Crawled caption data
* * * * *

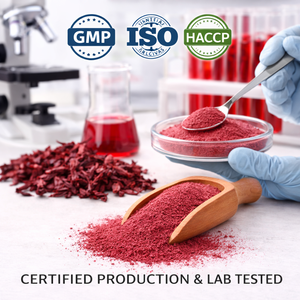 ผงดอกชบา ผงสมุนไพรธรรมชาติ บดละเอียด สำหรับดูแลเส้นผม ดูแลผิว และจำหน่ายในปริมาณมาก - Product Image 5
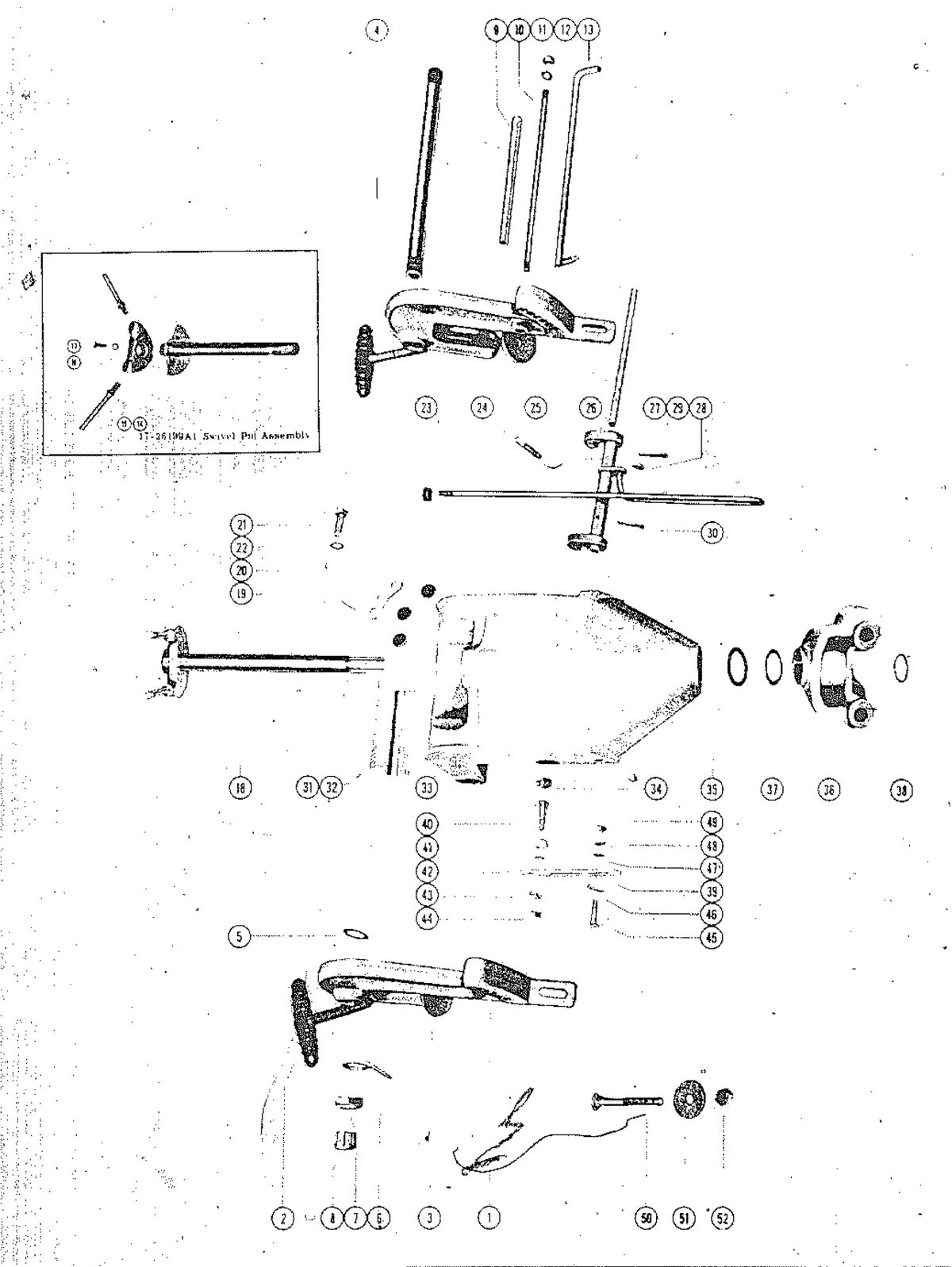 MARK MARK 75 CLAMP AND SWIVEL BRACKET ASSEMBLY
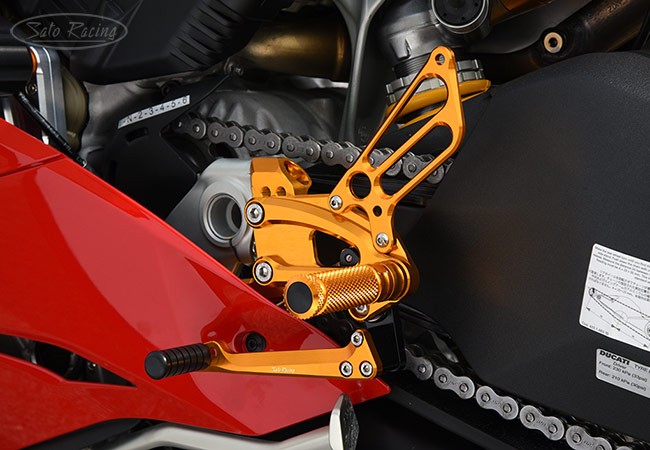 Sato Racing Adjustable Rearsets - Ducati Panigale V4
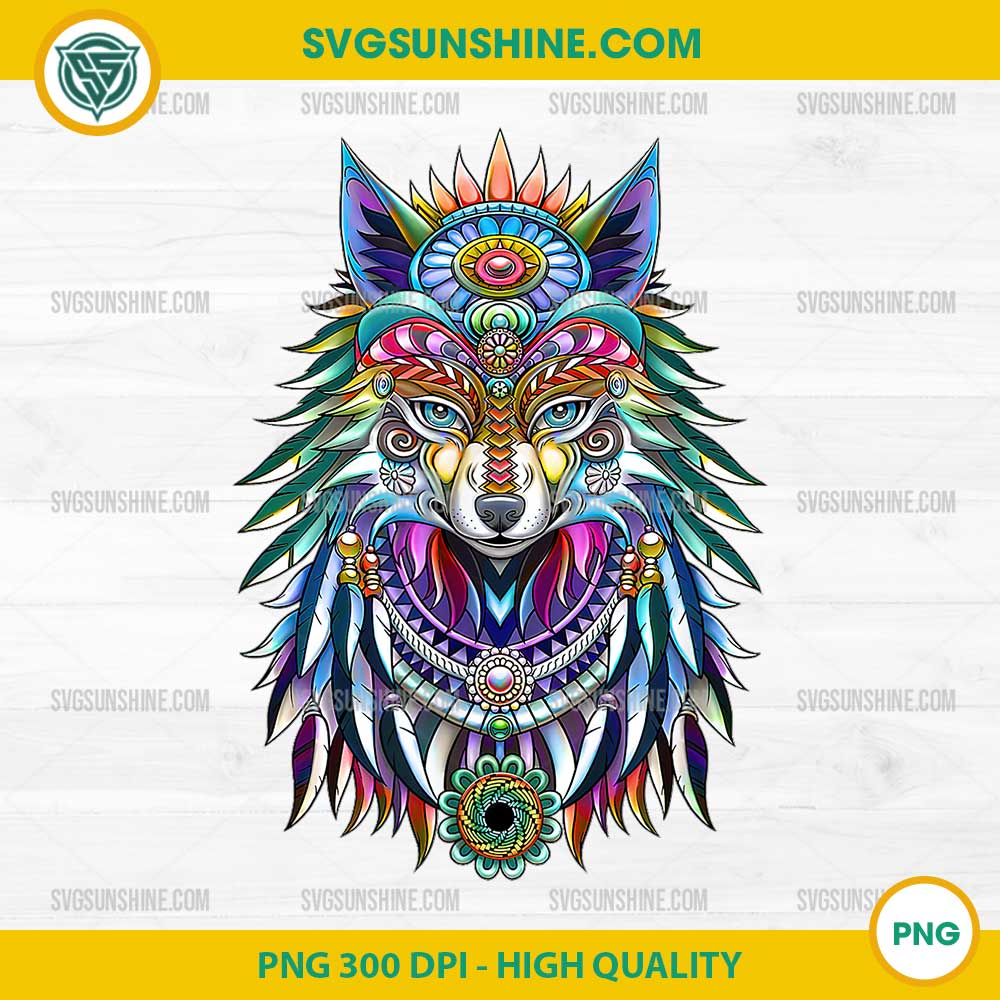 Wolf Art Colorful PNG, Colorful Head Wolf PNG Wolf Art Colorful PNG, Colorful Head Wolf PNG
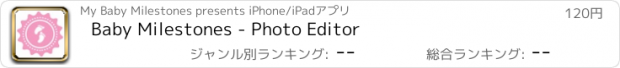 おすすめアプリ Baby Milestones - Photo Editor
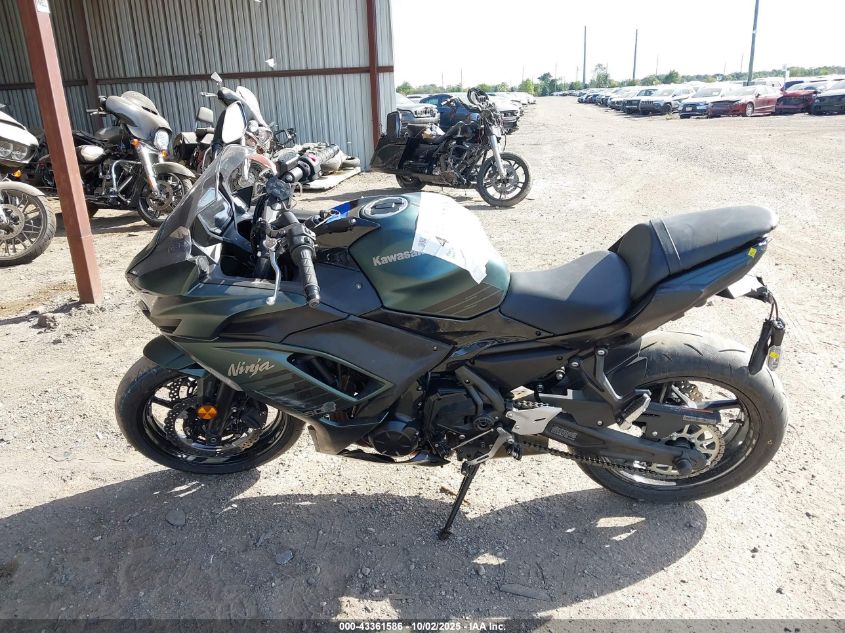 2025 Kawasaki Ex650 P VIN: ML5EXEP15SDAG6299 Lot: 43361586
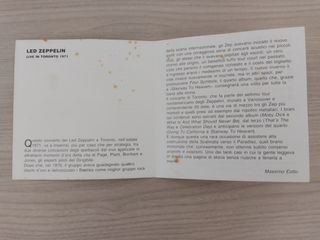 Led Zeppelin - Live in Toronto 1971 CD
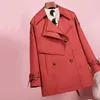 Dames Trench Coats Dames Plus Maat Maat 2022 Herfst Mid-Length Wind Breakher Women Korean Fashion Loose Coat Trend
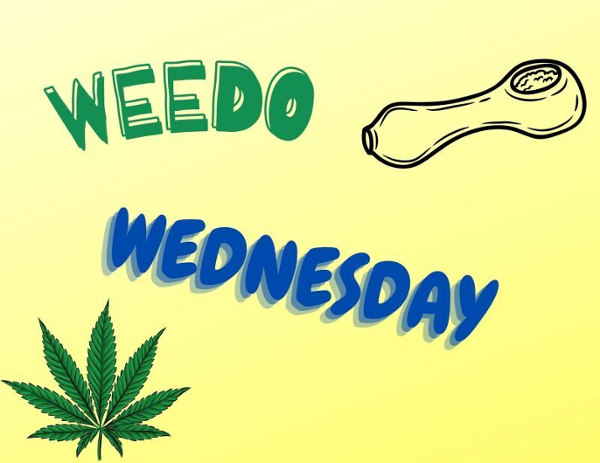 Weedo Wednesday event flyer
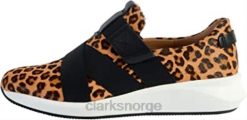 Clarks unisex un rio stropp skinnsko leopard print clarks 8N86P1198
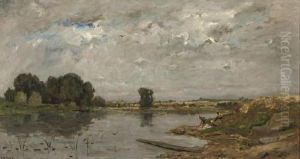 Washing In The River by Hippolyte Camille Delpy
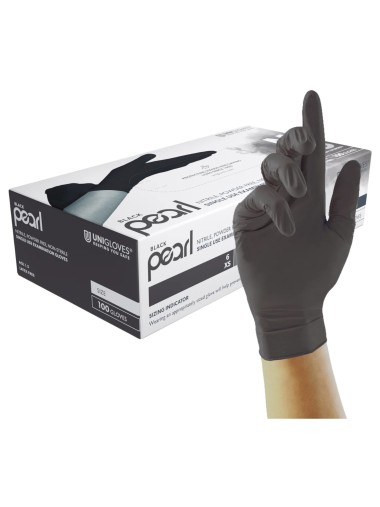 Gants Nitrile Noirs - Unigloves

* * * * *

*Task prompt*:
With pictures excluded, reproduce exactly the lines above from the one containing "Wolf Art Colorful PNG, Colorful Head Wolf PNG Wolf" down to the one containing "Led Zeppelin - Live in Toronto 1971 CD", those two included.

*Answer space*:
 Wolf Art Colorful PNG, Colorful Head Wolf PNG Wolf Art Colorful PNG, Colorful Head Wolf PNG
 おすすめアプリ Baby Milestones - Photo Editor
 2025 Kawasaki Ex650 P VIN: ML5EXEP15SDAG6299 Lot: 43361586
 Led Zeppelin - Live in Toronto 1971 CD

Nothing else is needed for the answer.